Try it
Could every line of the listing be output exactly, with the pictures skipped?

Supplied material
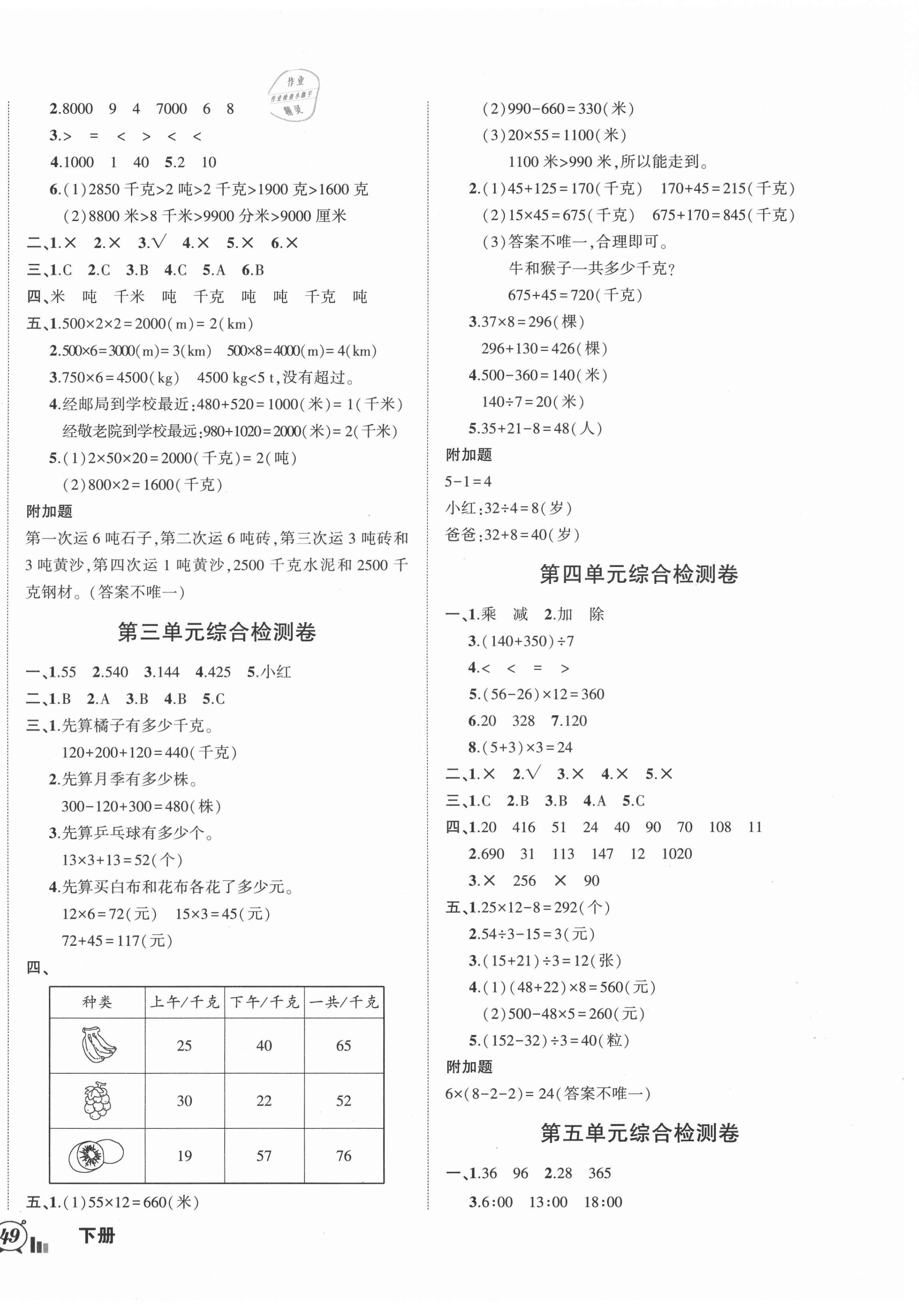 2021年?duì)钤刹怕穭?chuàng)新名卷三年級(jí)數(shù)學(xué)下冊(cè)蘇教版 參考答案第2頁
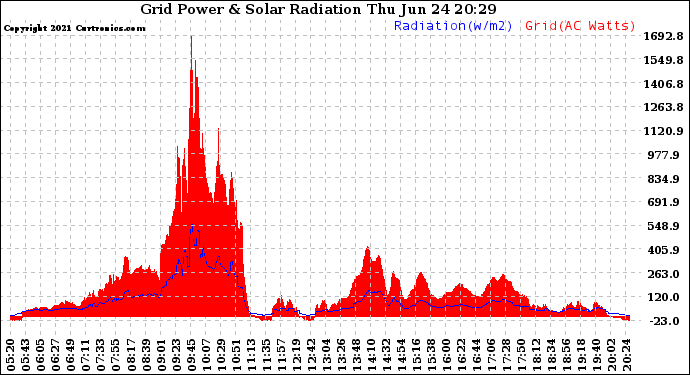 Solar PV/Inverter Performance Grid Power & Solar Radiation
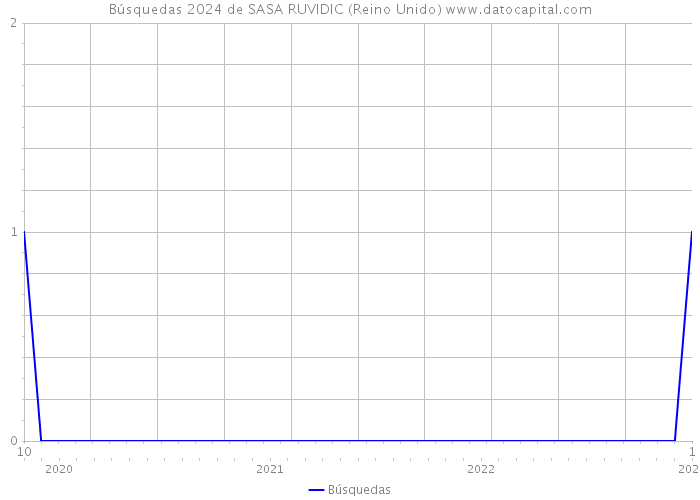 Búsquedas 2024 de SASA RUVIDIC (Reino Unido) 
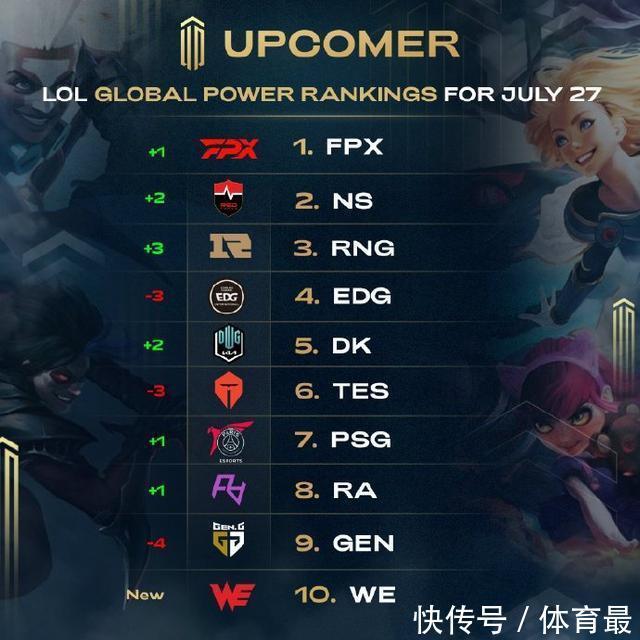 们的步伐 们的步伐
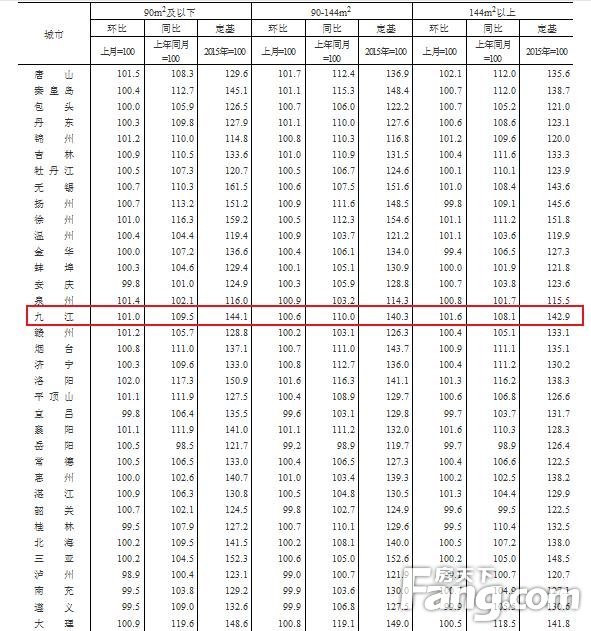 【权威数据】10月70个城市新房价格出炉！九江环比上涨0.8%，同比上涨9.6%！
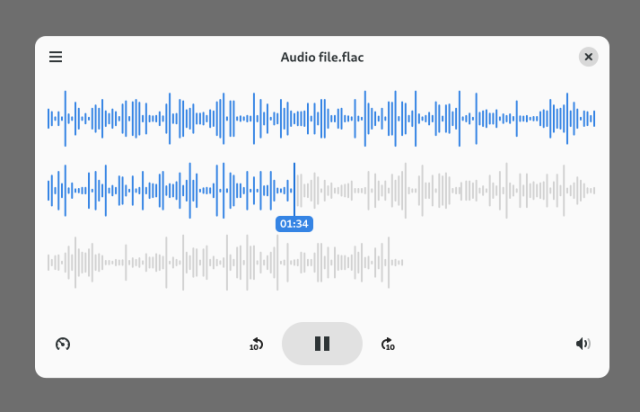 Mockup for a GNOME audio player. It's a simple window with a header bar at the top, a seek bar in the middle and playback controls at the bottom. The seek bar is a waveform which wraps across three lines. The parts already played are blue, the rest is gray.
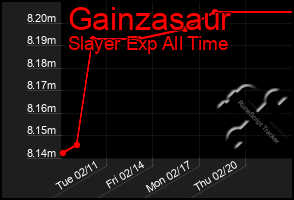 Total Graph of Gainzasaur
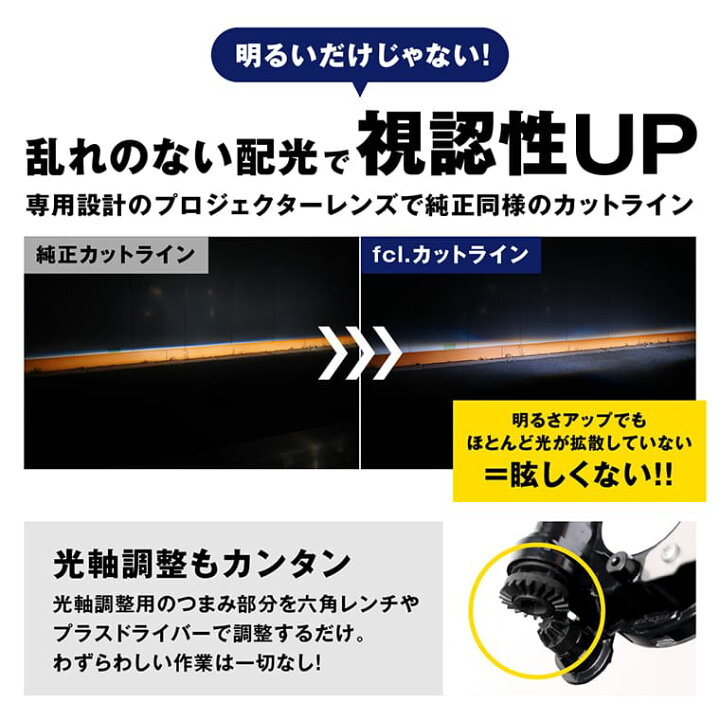 楽天市場】fcl フォグランプ ユニット led L1B 2色切り替え レンズ 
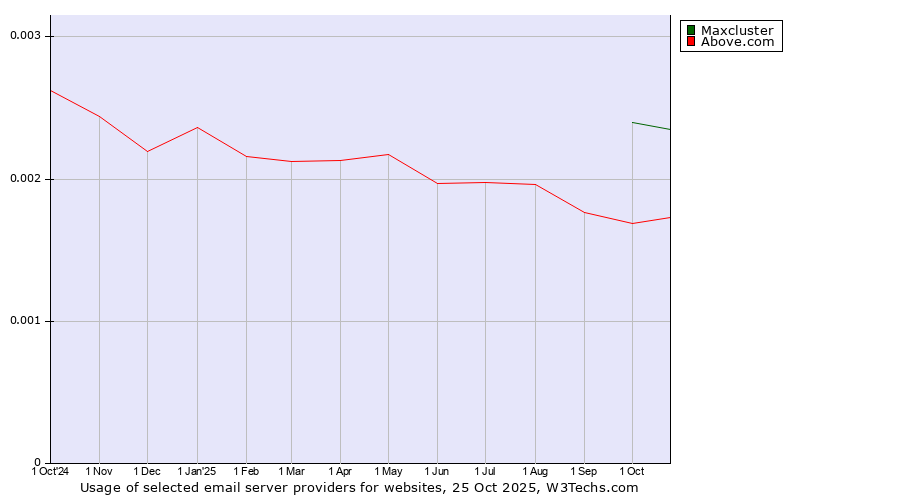 Historical trends in the usage of Maxcluster vs. Above.com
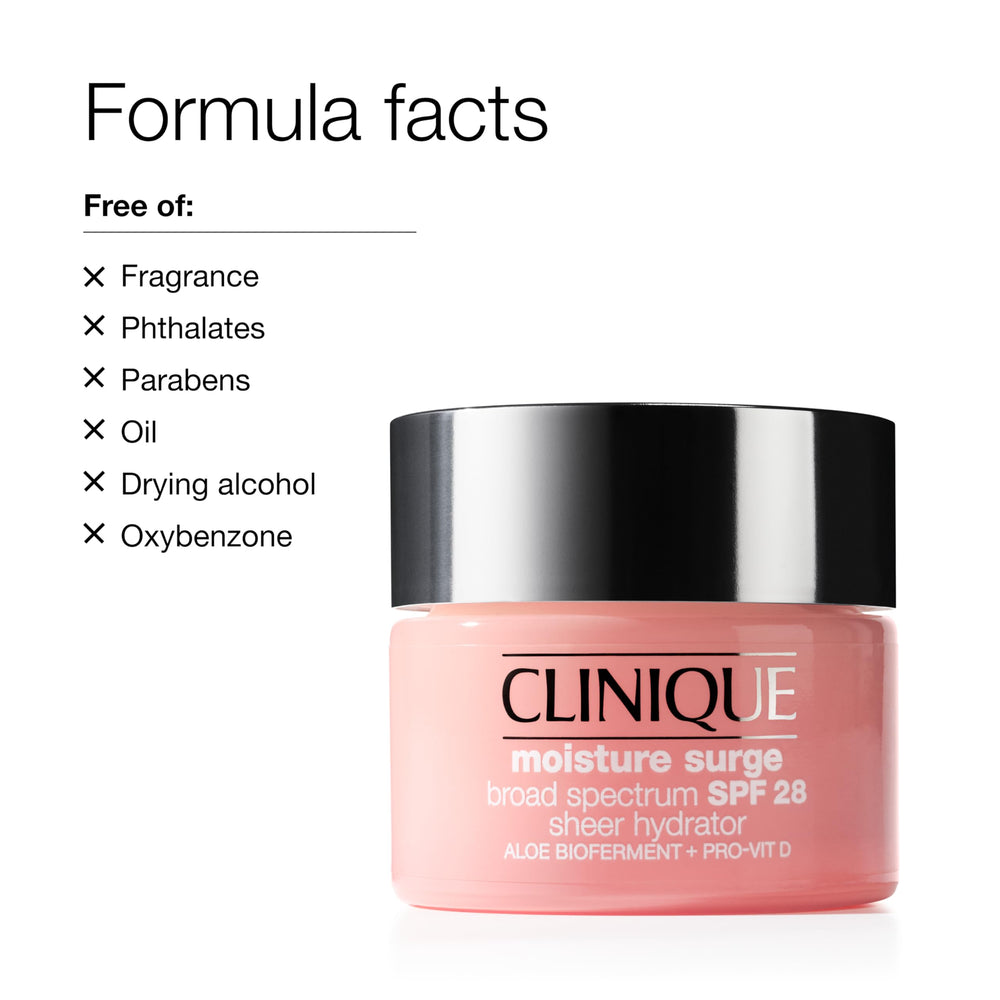 Clinique Moisture Surge SPF 28 applied under makeup for a smooth base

Solution
 2021年?duì)钤刹怕穭?chuàng)新名卷三年級(jí)數(shù)學(xué)下冊(cè)蘇教版 參考答案第2頁
 Solar PV/Inverter Performance Grid Power & Solar Radiation
 Búsquedas 2024 de SASA RUVIDIC (Reino Unido) 
 们的步伐 们的步伐
 【权威数据】10月70个城市新房价格出炉！九江环比上涨0.8%，同比上涨9.6%！
 Mockup for a GNOME audio player. It's a simple window with a header bar at the top, a seek bar in the middle and playback controls at the bottom. The seek bar is a waveform which wraps across three lines. The parts already played are blue, the rest is gray.
 Total Graph of Gainzasaur
 楽天市場】fcl フォグランプ ユニット led L1B 2色切り替え レンズ 
 Historical trends in the usage of Maxcluster vs. Above.com
 Clinique Moisture Surge SPF 28 applied under makeup for a smooth base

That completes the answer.